Thank you! I’ve already spent almost a year in Sochi where I’m engaged in the development of the computer vision solutions for the Russian Railways.
I was introduced to the wonders of machine learning in Innopolis. I worked there for three and a half years. It’s hard to remember how I got there, but I think I heard about this field at a presentation of the laboratory of machine learning and data representation. At that time, I didn’t have much knowledge about software development (the very trip to Innopolis was planned to change activities from system administration to development), or about machine learning. That’s why the announced projects seemed to be some kind of computer magic. And who wouldn't want to do magic?
— Why did you choose HSE University's Master of Data Science programme?
The answer is quite trivial. I wanted to get a master's degree from a first-rate university without being tied to a specific location. And it was a problem to do this anywhere but in Moscow or St. Petersburg.
— Why did you choose the data scientist track?
Honestly, that is a complicated question. I’m interested in research, so initially, I considered the researcher track. As a rule, one of the results of research is an article based on the conducted research. However, talking to the programme managers, it became clear that in the research track it isn’t possible to write articles, because, in my opinion, there is not enough time. That is why I decided to choose the track that would reinforce the skills I already have. In addition, as I understand, a data scientist is engaged in applied research.
— Tell us more about your participation in the hackathon: how did you come up with the idea of participating in the Agro Code hackathon? Have you participated in events like this before?
The hackathon was advertised on Slack by my colleagues. I looked it up and decided to take part, I’m a student after all. Before that, I participated once in the GISHack hackathon, where I had to segment buildings using space imagery in one of the tasks. My team of three people managed to take third place. I also take part in Kaggle competitions. In Agro Code, it was a solo competition.
— Tell us more about your project at this hackathon.
We were given a dataset (about 2,500 pictures) with images of lemons 1056x1056 pixels.

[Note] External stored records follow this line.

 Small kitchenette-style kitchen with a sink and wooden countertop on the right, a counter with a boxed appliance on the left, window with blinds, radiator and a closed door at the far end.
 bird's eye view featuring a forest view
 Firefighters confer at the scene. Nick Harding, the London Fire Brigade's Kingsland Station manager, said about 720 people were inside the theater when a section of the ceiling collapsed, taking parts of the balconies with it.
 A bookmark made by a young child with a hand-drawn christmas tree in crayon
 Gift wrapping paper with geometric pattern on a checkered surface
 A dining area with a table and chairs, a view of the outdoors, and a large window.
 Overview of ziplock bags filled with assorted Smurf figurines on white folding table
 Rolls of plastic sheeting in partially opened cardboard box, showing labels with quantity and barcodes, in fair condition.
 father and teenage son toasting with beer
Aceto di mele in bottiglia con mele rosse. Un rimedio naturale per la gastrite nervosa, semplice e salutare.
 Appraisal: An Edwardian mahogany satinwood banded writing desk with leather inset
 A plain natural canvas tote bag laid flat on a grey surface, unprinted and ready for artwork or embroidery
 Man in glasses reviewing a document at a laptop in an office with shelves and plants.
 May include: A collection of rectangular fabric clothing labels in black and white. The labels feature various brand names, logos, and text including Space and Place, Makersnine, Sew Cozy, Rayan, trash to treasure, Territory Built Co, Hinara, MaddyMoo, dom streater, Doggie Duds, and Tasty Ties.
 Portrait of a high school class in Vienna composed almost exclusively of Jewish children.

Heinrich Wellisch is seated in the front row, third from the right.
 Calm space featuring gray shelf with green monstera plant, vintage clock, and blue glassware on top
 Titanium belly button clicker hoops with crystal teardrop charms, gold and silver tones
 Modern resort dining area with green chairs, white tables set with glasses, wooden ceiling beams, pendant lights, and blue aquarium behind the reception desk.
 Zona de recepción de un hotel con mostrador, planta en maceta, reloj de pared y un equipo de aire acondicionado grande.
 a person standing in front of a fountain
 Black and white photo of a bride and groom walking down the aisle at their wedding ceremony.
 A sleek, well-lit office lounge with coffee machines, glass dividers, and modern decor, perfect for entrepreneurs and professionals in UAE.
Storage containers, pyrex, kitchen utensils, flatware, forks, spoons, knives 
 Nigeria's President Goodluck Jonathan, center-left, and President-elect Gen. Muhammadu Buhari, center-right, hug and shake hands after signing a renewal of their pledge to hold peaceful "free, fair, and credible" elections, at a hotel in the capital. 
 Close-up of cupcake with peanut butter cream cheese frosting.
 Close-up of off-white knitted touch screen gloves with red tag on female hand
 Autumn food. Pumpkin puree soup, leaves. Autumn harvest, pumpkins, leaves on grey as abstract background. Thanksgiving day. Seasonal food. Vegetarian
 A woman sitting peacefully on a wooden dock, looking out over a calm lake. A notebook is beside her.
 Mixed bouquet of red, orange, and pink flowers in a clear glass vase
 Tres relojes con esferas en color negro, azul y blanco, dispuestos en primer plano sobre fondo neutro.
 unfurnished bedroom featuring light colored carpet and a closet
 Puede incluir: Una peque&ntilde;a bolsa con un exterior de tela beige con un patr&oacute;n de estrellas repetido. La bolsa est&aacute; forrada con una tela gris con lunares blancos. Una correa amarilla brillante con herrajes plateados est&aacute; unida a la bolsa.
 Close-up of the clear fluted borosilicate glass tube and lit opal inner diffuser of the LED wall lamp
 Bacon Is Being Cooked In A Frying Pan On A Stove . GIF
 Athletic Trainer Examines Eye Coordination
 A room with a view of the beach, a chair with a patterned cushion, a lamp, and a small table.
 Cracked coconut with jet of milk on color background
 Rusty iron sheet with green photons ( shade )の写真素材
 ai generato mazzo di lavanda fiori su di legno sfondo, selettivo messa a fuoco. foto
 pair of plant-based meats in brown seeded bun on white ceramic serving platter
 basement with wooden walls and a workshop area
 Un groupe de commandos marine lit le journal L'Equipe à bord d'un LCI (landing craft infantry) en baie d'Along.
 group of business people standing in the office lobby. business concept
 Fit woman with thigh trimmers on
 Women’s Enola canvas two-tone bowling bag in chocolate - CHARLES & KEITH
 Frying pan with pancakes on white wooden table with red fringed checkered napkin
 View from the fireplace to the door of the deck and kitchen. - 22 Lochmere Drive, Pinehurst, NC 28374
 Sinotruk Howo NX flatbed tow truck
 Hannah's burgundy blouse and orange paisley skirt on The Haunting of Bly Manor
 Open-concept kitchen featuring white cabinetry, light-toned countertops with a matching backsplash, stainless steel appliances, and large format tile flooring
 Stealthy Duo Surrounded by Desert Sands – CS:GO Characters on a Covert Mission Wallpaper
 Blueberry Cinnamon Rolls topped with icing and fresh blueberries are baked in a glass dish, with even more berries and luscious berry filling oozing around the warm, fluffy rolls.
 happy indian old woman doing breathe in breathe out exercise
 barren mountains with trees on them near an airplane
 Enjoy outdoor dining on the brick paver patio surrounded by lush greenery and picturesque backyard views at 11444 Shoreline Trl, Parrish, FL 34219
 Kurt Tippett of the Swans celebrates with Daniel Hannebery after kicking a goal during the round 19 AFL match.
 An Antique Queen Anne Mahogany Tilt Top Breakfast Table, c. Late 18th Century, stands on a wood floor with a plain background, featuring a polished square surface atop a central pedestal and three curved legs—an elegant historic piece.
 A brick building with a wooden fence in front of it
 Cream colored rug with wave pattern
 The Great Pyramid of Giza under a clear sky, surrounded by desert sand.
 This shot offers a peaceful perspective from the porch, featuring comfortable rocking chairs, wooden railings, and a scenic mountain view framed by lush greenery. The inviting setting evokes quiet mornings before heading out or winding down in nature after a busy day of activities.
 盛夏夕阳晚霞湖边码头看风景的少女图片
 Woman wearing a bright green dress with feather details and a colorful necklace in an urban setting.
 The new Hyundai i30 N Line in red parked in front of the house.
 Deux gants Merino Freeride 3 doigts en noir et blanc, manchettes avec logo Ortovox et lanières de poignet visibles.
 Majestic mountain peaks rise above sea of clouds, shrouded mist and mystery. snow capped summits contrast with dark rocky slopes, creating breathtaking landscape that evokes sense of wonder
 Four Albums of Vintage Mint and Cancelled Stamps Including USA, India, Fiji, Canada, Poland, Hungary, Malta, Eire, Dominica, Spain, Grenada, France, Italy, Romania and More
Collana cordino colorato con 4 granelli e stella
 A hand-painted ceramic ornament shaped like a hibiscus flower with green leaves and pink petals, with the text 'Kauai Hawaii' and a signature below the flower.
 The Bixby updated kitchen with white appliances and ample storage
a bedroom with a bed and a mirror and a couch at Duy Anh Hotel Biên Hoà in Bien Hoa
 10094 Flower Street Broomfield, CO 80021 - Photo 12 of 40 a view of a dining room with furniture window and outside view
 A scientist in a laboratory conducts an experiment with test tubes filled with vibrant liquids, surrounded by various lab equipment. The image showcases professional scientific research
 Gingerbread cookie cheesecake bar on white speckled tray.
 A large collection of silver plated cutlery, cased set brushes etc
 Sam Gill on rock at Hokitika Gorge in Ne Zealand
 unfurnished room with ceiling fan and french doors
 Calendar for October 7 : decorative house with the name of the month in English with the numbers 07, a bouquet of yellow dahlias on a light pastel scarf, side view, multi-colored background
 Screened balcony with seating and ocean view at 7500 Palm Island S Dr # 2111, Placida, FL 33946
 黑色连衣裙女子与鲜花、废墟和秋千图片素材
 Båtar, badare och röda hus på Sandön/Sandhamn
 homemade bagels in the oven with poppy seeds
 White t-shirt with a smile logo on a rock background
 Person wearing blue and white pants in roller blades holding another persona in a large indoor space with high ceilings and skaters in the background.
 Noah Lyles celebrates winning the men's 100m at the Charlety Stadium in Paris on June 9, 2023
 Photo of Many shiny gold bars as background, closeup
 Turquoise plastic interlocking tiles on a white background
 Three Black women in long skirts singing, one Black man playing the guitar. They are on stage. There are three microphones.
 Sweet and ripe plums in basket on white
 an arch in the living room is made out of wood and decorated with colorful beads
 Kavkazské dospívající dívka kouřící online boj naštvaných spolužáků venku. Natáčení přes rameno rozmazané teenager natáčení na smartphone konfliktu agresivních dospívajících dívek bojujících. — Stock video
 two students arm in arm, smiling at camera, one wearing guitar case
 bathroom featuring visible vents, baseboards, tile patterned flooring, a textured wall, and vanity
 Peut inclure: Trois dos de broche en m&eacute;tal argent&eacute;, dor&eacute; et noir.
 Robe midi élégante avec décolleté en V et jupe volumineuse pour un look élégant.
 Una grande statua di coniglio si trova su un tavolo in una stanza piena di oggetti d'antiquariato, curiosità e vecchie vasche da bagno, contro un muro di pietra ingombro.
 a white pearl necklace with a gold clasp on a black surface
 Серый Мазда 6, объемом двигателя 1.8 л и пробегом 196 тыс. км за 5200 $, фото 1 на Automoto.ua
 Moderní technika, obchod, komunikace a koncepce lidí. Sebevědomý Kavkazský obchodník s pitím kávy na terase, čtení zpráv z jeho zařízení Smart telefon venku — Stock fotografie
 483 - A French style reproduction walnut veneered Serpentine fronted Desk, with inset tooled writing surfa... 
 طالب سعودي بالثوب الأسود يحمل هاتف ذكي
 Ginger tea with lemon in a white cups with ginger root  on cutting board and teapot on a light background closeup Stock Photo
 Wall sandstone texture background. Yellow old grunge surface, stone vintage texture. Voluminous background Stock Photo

The task was to determine the flaws of a lemon from the image. One image of a lemon can correspond to several types of flaws at the same time. It was necessary to write code that trained the model and did the full cycle of data reading, model training and subsequent prediction in twenty minutes on the organizer's platform. It was forbidden to use external data and the internet during the case solving. The competition had a leaderboard, which was compiled based on the Macro Milticlass ROC-AUC for a subset of the test data. The published code with the best metric value on a subset of the test data was considered the final code and ran on all the test data. The result obtained on the full set of data was considered the final one in determining the winner.
— By the way, in terms of results and knowledge — what programme course was the most interesting to you?
The course on data scraping was implemented in the best manner. This is, perhaps, the perfect example of how a practical course should look like, it has everything that is needed: theoretical knowledge, real-life problems, a large interesting project, which I had to implement step by step during three weeks (from the basic functionality to completing various details that improve the work), useful webinars with the discussion of additional materials and teacher's excellent command of English. All this combined made the course very cool. Among other courses, I'd like to mention Ilya Shchurov's courses on probability theory and statistics and advanced Python course by Yury Gorishny and Dmitry Borisov.
— What do you plan to do after graduation?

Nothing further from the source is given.